**Required work:** A faithful copy of the data is what is wanted, minus any pictures.
[[ Data to examine open ]]
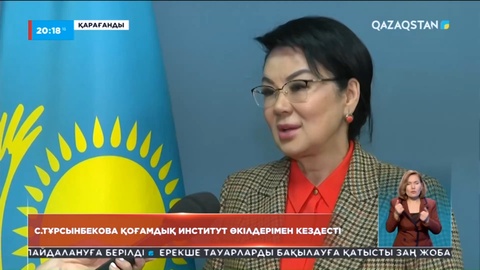 Президенттікке кандидат Салтанат Тұрсынбекова үгіт-насихат науқанымен өңірлерге шықты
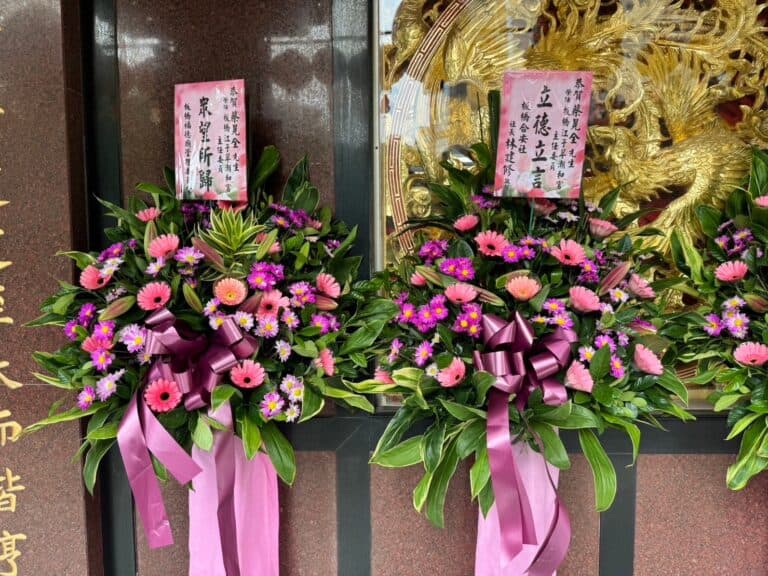 競選活動祝賀花籃一對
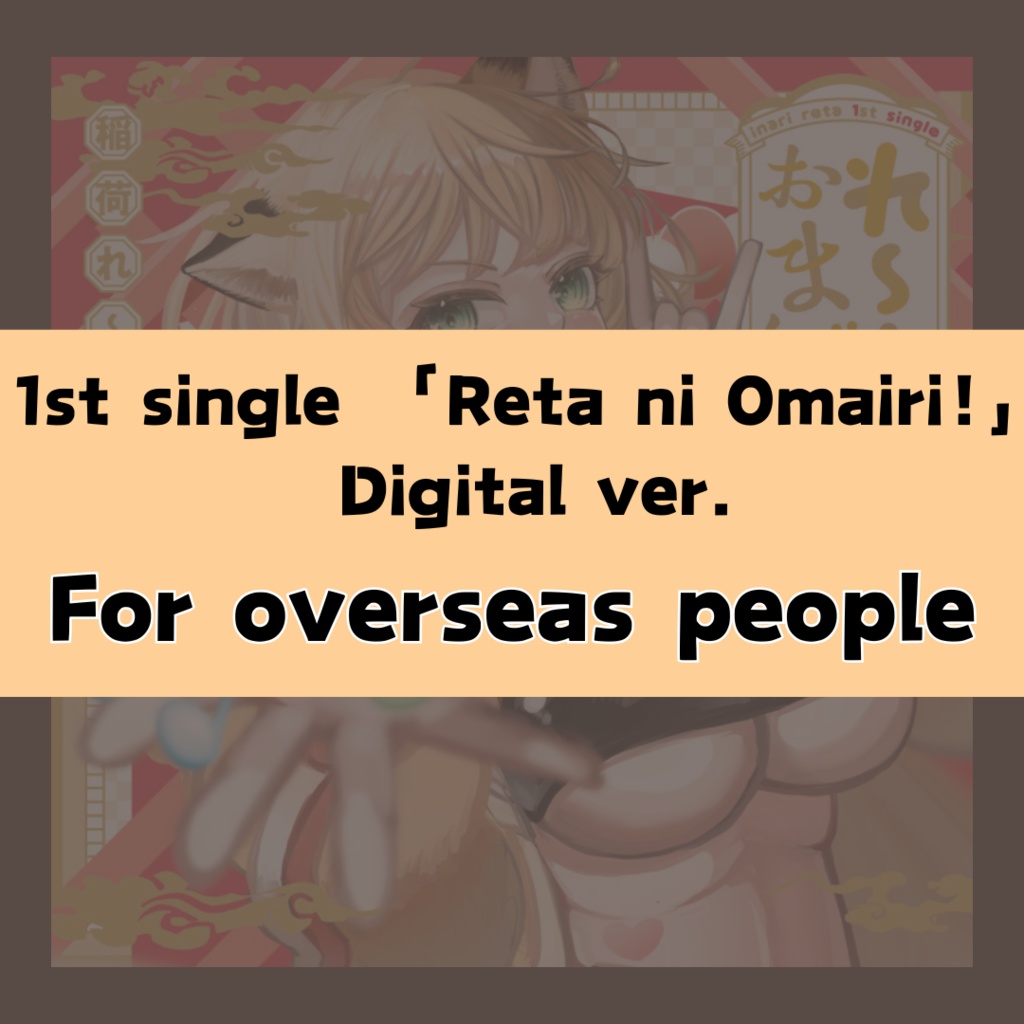 1st single 「Reta ni Omairi!」 Digital ver.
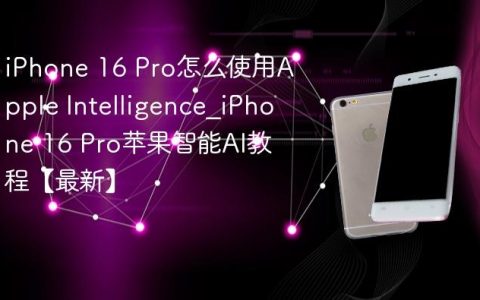 iPhone 16 Pro怎么使用Apple Intelligence?iPhone 16 Pro苹果智能AI教程【最新】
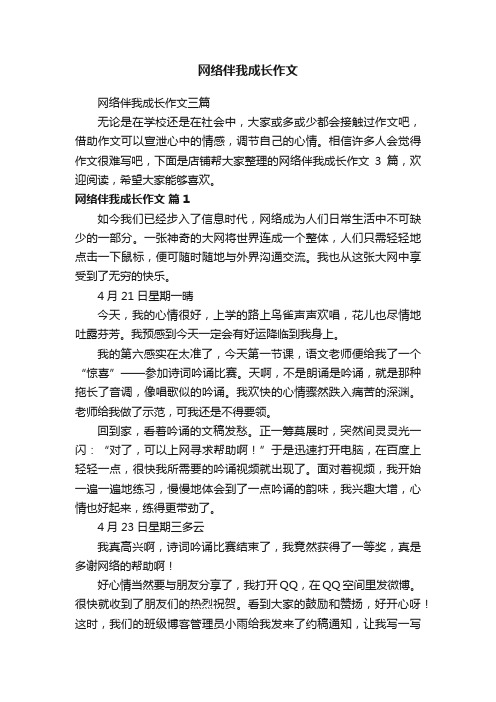 网络伴我成长作文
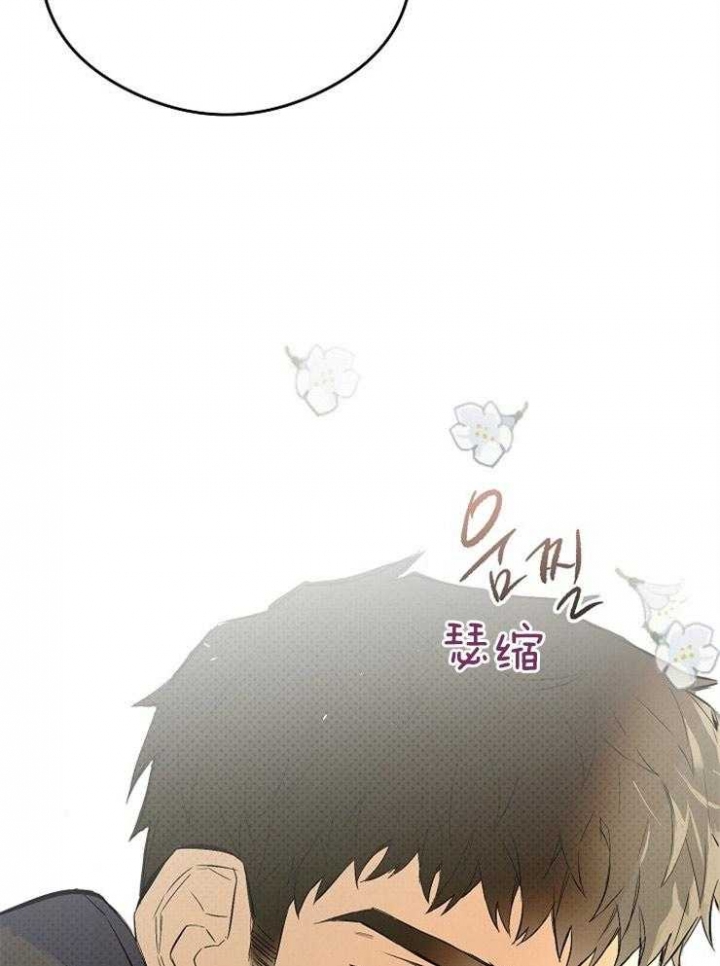 《呼吸同一片空气》漫画最新章节第30话免费下拉式在线观看章节第【29】张图片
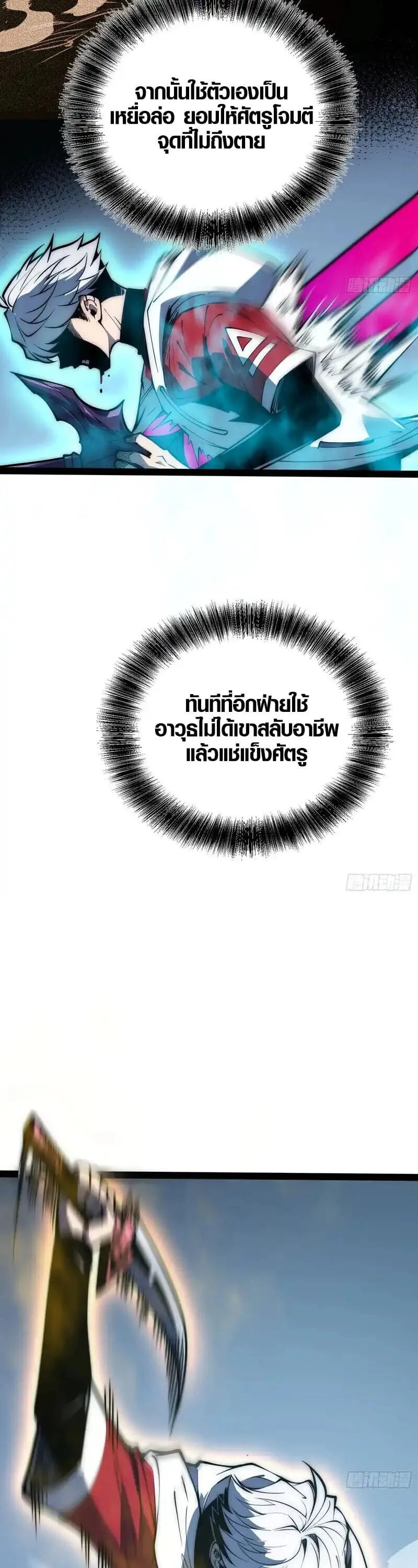 Full-Time Awakening ต_นพล_งไร_ข_ดจำก_ด ตอนที่ ตอนที่ 85 รูปที่ 16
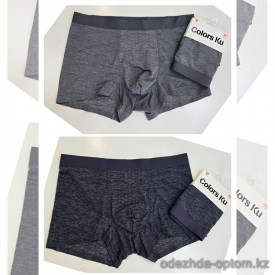 b4-0032 Трусы мужские боксеры бесшовные, XL-4XL, 1 пачка (4 шт) b4-0032 Трусы мужские боксеры бесшовные, XL-4XL, 1 пачка (4 шт)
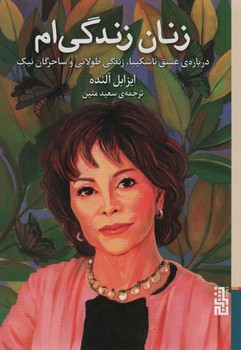 زنان زندگیام | مرکز فرهنگی آبی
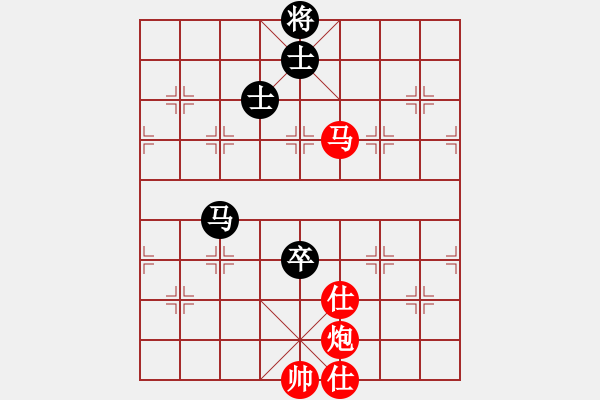 象棋棋譜圖片：快樂小花貓(3段)-勝-風(fēng)和日麗(3段) - 步數(shù)：280 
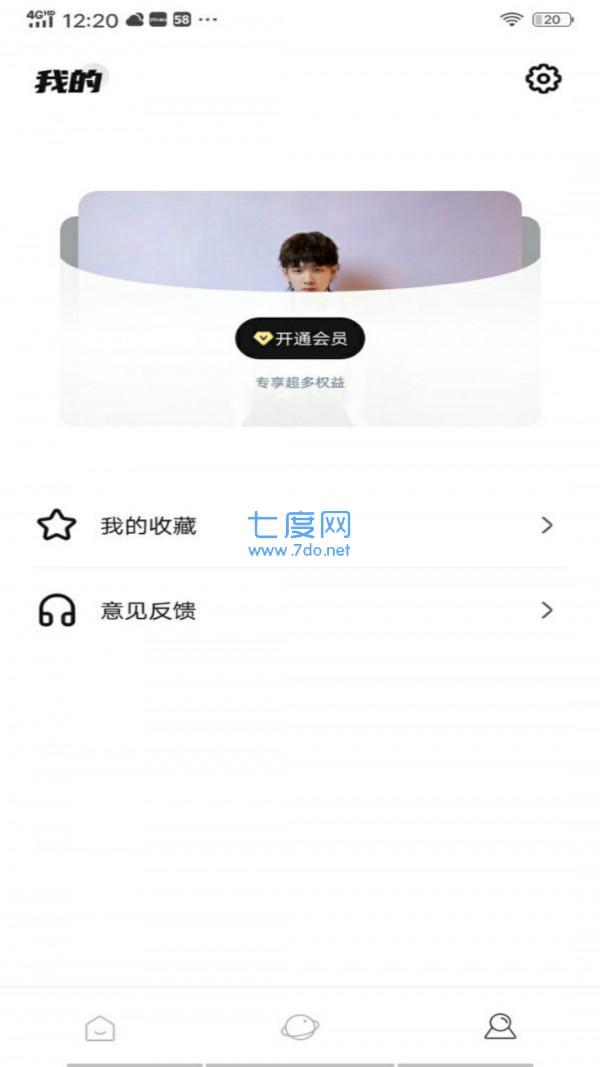 weecho追星必备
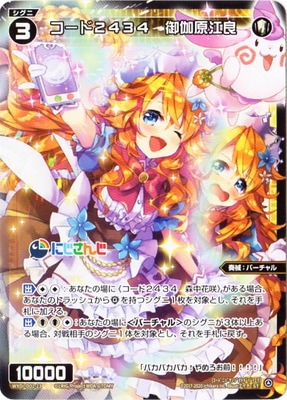 ウィクロス WIXOSS 御伽原 ギバラ サイン入り コリジョン にじさんじ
[[ Data to examine closed ]]
**Exercise response:**
 Президенттікке кандидат Салтанат Тұрсынбекова үгіт-насихат науқанымен өңірлерге шықты
 競選活動祝賀花籃一對
 1st single 「Reta ni Omairi!」 Digital ver.
 iPhone 16 Pro怎么使用Apple Intelligence?iPhone 16 Pro苹果智能AI教程【最新】
 网络伴我成长作文
 《呼吸同一片空气》漫画最新章节第30话免费下拉式在线观看章节第【29】张图片
 Full-Time Awakening ต_นพล_งไร_ข_ดจำก_ด ตอนที่ ตอนที่ 85 รูปที่ 16
 b4-0032 Трусы мужские боксеры бесшовные, XL-4XL, 1 пачка (4 шт) b4-0032 Трусы мужские боксеры бесшовные, XL-4XL, 1 пачка (4 шт)
 زنان زندگیام | مرکز فرهنگی آبی
 象棋棋譜圖片：快樂小花貓(3段)-勝-風(fēng)和日麗(3段) - 步數(shù)：280 
 weecho追星必备
 ウィクロス WIXOSS 御伽原 ギバラ サイン入り コリジョン にじさんじ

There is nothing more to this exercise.